Thoughout the 1930s and 40s, children were indoctrinated through the education system. The mere suggestion of returning patriotism to the curriculum is enough to make some people worried, as the TCS Daily piece reports:
In Saitama prefecture at least 45 local schools were producing report cards for 6th grade students on “love of country”, though officials stress that how to evaluate this is being left up to the schools.

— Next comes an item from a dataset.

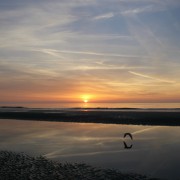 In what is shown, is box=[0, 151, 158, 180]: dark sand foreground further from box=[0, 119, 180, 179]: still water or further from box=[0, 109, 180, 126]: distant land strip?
box=[0, 109, 180, 126]: distant land strip

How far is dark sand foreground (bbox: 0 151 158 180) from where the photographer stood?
18188mm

However, despite widespread concerns about juvenile crime and a breakdown in classroom discipline, there are many Japanese who question both whether teaching patriotism is a good idea and whether it is even possible. They argue that it is easy to say you are patriotic just to get a few boxes ticked on a report card, but there is no way of knowing whether you really mean it. Some are also concerned that it will create too restrictive a definition of patriotism that will inhibit students from thinking for themselves.
This is an essential and long-time feature of the Japanese education system – its goal is more to do with “socialising” children and making them into ideal members of society than encouraging personal growth:
The children here are shuttled from school classes to cram class and then to club activities like basketball or kendo. They are exhausted. A friend of mind who teaches in a language school here said that many of the students at her branch look liked they are about to fall asleep in class. Indeed one child did.

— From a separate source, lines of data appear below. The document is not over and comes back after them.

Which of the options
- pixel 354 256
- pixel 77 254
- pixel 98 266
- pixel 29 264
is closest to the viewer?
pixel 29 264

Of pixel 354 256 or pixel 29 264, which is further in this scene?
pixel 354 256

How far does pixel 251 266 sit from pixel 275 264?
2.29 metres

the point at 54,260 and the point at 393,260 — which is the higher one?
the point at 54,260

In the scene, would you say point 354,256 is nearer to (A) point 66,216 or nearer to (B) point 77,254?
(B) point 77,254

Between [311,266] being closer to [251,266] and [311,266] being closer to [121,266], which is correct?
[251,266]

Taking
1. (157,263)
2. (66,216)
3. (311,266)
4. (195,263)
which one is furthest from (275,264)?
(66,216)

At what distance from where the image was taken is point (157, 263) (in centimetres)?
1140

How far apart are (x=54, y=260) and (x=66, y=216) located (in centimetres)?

Working the kids longer isn’t the right way forward, and getting them to be good citizens isn’t going to happen by changing school textbooks to gloss over the past. If the government wants young people to be proud citizens then it should provide opportunities for them to do what proud citizens do. Instead of encouraging token gestures and empty words, perhaps schools and parents should be easing some of the incredible pressure on their children to achieve academically and get them involved in their communities through voluntary work. Simply punishing people for not singing the national anthem is more likely to engender resentment and rebellion than pride.
Couldn’t agree more. This misguided notion that you can simply tell people to love their country from above is being pushed in Britain as well. The governments of both these countries seem unaware that patriotism – real patriotism – comes voluntarily, and from having things in your country to be proud of.